GPUs are the standard choice of hardware for machine learning, unlike CPUs, because they are optimized for memory bandwidth and parallelism. To keep up with the larger sizes of modern models or to run these large models on existing and older hardware, there are several optimizations you can use to speed up GPU inference. In this guide, you'll learn how to use FlashAttention-2 (a more memory-efficient attention mechanism), BetterTransformer (a PyTorch native fastpath execution), and bitsandbytes to quantize your model to a lower precision. Finally, learn how to use 🤗 Optimum to accelerate inference with ONNX Runtime on Nvidia and AMD GPUs.

The majority of the optimizations described here also apply to multi-GPU setups!

FlashAttention-2

FlashAttention-2 is experimental and may change considerably in future versions.

FlashAttention-2 is a faster and more efficient implementation of the standard attention mechanism that can significantly speedup inference by:

  1. additionally parallelizing the attention computation over sequence length
  2. partitioning the work between GPU threads to reduce communication and shared memory reads/writes between them

FlashAttention-2 is currently supported for the following architectures:

You can request to add FlashAttention-2 support for another model by opening a GitHub Issue or Pull Request.

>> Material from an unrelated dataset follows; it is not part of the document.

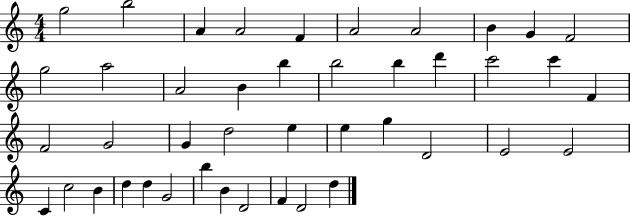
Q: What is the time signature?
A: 4/4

Before you begin, make sure you have FlashAttention-2 installed.

pip install flash-attn --no-build-isolation

We strongly suggest referring to the detailed installation instructions to learn more about supported hardware and data types!

FlashAttention-2 is also supported on AMD GPUs and current support is limited to Instinct MI210, Instinct MI250 and Instinct MI300. We strongly suggest using this Dockerfile to use FlashAttention-2 on AMD GPUs.

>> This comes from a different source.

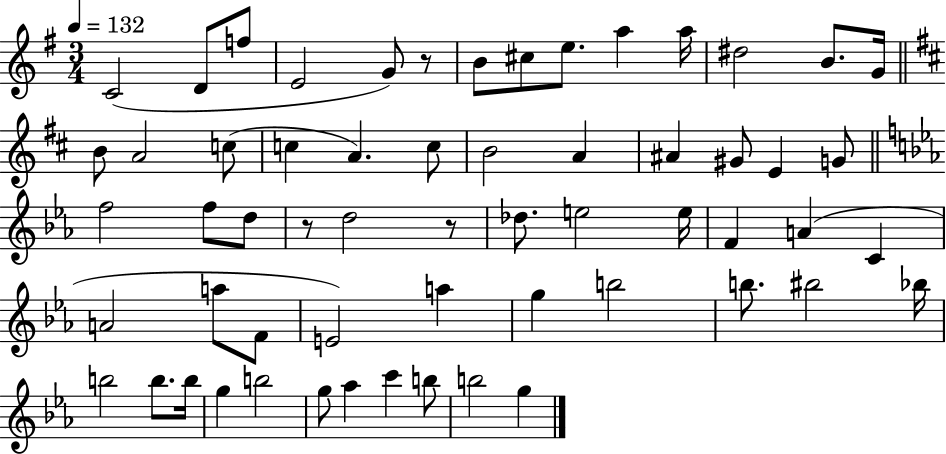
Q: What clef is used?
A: treble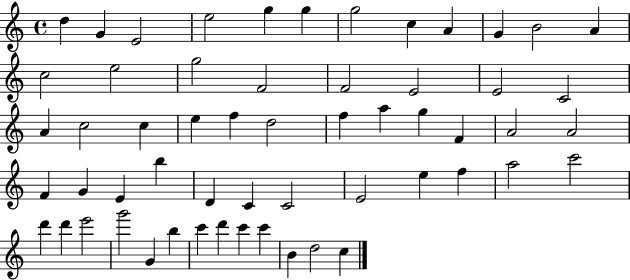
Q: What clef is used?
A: treble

To enable FlashAttention-2, pass the argument attn_implementation="flash_attention_2" to [~AutoModelForCausalLM.from_pretrained]:

import torch
from transformers import AutoModelForCausalLM, AutoTokenizer, LlamaForCausalLM

model_id = "tiiuae/falcon-7b"
tokenizer = AutoTokenizer.from_pretrained(model_id)

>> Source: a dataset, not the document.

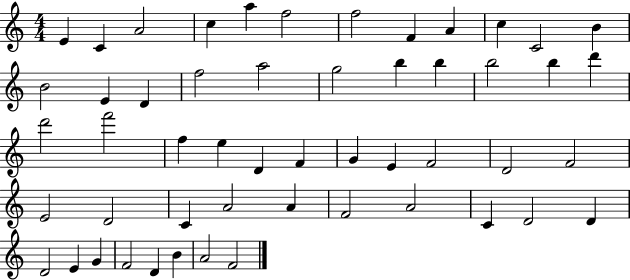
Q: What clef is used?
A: treble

model = AutoModelForCausalLM.from_pretrained(
    model_id,
    torch_dtype=torch.bfloat16,
    attn_implementation="flash_attention_2",
)

FlashAttention-2 can only be used when the model's dtype is fp16 or bf16. Make sure to cast your model to the appropriate dtype and load them on a supported device before using FlashAttention-2.


You can also set use_flash_attention_2=True to enable FlashAttention-2 but it is deprecated in favor of attn_implementation="flash_attention_2".

FlashAttention-2 can be combined with other optimization techniques like quantization to further speedup inference. For example, you can combine FlashAttention-2 with 8-bit or 4-bit quantization:

import torch
from transformers import AutoModelForCausalLM, AutoTokenizer, LlamaForCausalLM

model_id = "tiiuae/falcon-7b"
tokenizer = AutoTokenizer.from_pretrained(model_id)

# load in 8bit
model = AutoModelForCausalLM.from_pretrained(
    model_id,
    load_in_8bit=True,
    attn_implementation="flash_attention_2",
)

# load in 4bit
model = AutoModelForCausalLM.from_pretrained(
    model_id,
    load_in_4bit=True,
    attn_implementation="flash_attention_2",
)

Expected speedups

You can benefit from considerable speedups for inference, especially for inputs with long sequences. However, since FlashAttention-2 does not support computing attention scores with padding tokens, you must manually pad/unpad the attention scores for batched inference when the sequence contains padding tokens. This leads to a significant slowdown for batched generations with padding tokens.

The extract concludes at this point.